Domingo de Pentecostés en Tiempo de Pascua (Homilía)
mayo 23, 2021 11:00 a. m. · Sergio Muñoz Fita
Existen en el mundo dos iglesias católicas que son conocidas, entre otras cosas, por tener una cúpula abierta al cielo, al extremo de que cuando llueve, el agua cae al interior del templo. Una es la Cúpula de la Ascensión, de la que hablé hace la semana pasada. La otra es la Iglesia de Santa María de los Ángeles y los Mártires en Roma, el famoso Partenón.

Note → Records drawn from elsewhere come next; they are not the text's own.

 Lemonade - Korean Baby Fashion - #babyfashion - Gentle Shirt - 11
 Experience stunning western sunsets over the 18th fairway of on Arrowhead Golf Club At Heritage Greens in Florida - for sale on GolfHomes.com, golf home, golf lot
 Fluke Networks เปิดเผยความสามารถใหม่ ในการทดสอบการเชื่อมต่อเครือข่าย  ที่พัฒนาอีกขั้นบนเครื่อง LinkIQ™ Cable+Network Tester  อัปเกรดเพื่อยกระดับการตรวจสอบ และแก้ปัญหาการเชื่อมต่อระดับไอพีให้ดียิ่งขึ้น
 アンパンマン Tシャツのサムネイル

Decíamos hace siete días que la Cúpula abierta de la Ascensión, en Jerusalén, expresaba el movimiento ascendente de Jesús que sube a ocupar su lugar a la diestra de Dios. Es, por tanto, un símbolo de esperanza, que nos invita a poner la mirada y el corazón en el hogar que Cristo ha preparado para nosotros en el paraíso. La cúpula abierta del Partenón, por el contrario, expresa un movimiento más bien descendente: la efusión del Espíritu Santo que hoy celebramos en Pentecostés. De hecho, existe una hermosa tradición en Roma en este día: en la fiesta de Pentecostés, los bomberos de Roma se suben a lo alto de la cúpula y desde el exterior, echan por la abertura pétalos de rosas que caen desde el cielo. Lentamente van descendiendo los 43 metros de altura de la bóveda hasta que el suelo de la iglesia queda cubierto de rojo.

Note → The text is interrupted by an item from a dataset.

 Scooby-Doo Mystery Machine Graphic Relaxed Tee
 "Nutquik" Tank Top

Es impresionante ver los pétalos descender del cielo mientras un gran haz de luz entra en la iglesia por el inmenso «ojo del cielo» (occhio del cielo), como se suele llamar a la abertura del Panteón. Obviamente, los pétalos representan las lenguas de fuego que se posaron sobre los Apóstoles y María Santísima. También expresan una realidad muy hermosa, y es el hecho de que el Espíritu Santo sigue viniendo a nosotros cuando lo invocamos y estamos preparados para recibirlo.

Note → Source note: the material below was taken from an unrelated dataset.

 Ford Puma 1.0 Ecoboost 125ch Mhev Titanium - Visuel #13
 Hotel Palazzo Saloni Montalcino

Hoy quiero dar gracias al Padre y al Hijo por el don de su Espíritu. Sin Él, dador de vida, todo sería muerte. Sin Él, que es Amor, el hombre viviría dominado por el egoísmo. Sin Él, que es la luz, seríamos rehenes de las tinieblas. Sin Él, que es la Santidad del Padre, el pecado diría en nuestra vida la última palabra. Sin Él, que es la gloria de la Trinidad Santísima, el hombre no podría aspirar a la eternidad feliz del cielo. Él es el descanso del alma, el gozo eterno, el agua que hace nuevas todas las cosas, la brisa que nos infunde coraje, el compañero que nunca nos abandona, el amigo que siempre está con nosotros.
Santo Tomás de Aquino repite en la Summa contra Gentiles una expresión que me parece muy hermosa: dice que la misión del Espíritu Santo es hacernos «amadores de Dios». Sí, nos hace amar al Padre y al Hijo, nos da la posibilidad de entrar en una relación íntima, cordial, entrañable con ellos. Nos trae la presencia de la Santísima Trinidad en el alma, como ha dicho el Señor en el Evangelio de hoy. Nos guía a la verdad completa.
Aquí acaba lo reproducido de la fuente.